Introducing BitSyncHub
Since I’m an automation nut, when I found Travis CI, I was understandably excited – automatic running of my testcases for hgapi from the repository as opposed to a pre-push hook (as I have had it set up since the beginning of time) would avoid the oh-so embarrassing mistakes of forgetting to add a new file to the repository and having a non-working version in the repo. I just have to set up some service to synch to the GitHub mirror and all will… be… well?

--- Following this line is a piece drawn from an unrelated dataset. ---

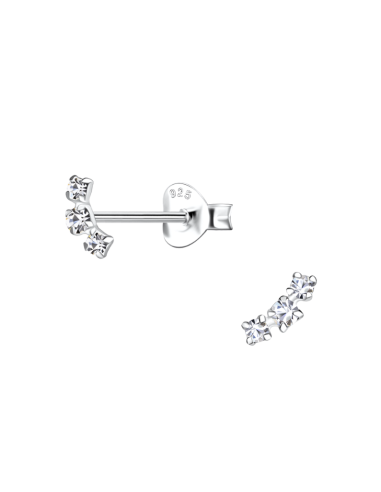 Boucles d'oreilles 3 zircones bijou en argent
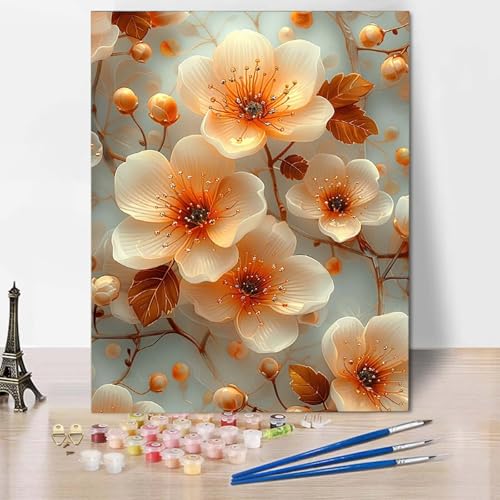 Malen Nach Zahlen Blume Malen Nach Zahlen Erwachsene Kirschblüten Painting by Numbers Adult Basteln Erwachsene, Mit 3 Pinseln und Acrylfarbe für Deko Wohnzimmer, Geschenke (60x80cm) -CW250455761 von HCWBDWOU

Turns out there was no such service. A hundred advices on how to mirror using push-hooks in your local repository, but since I don’t always commit from the same computer, I would need to keep all instances (including future) set up properly, and never again could I be a tad lazy and accept a pull request instead of pushing it from my local repo. This, to me, is not an acceptable state of affairs.
So last week I spent a couple of hours setting up a new service, dubbed BitSyncHub, that will accept POST requests from Bitbucket and synchronize a (Mercurial) repository with it’s Github mirror. It is set up using UWSGI, hgapi with hg-git, and Celery for job control. It’s a bit rough in that it does not report errors (since it does not run synchronously), and always pushes to Github using the same certificate and user, but I’ve not been able to break it (recently), and it only requires a one-time setup and it will keep your branches in synch!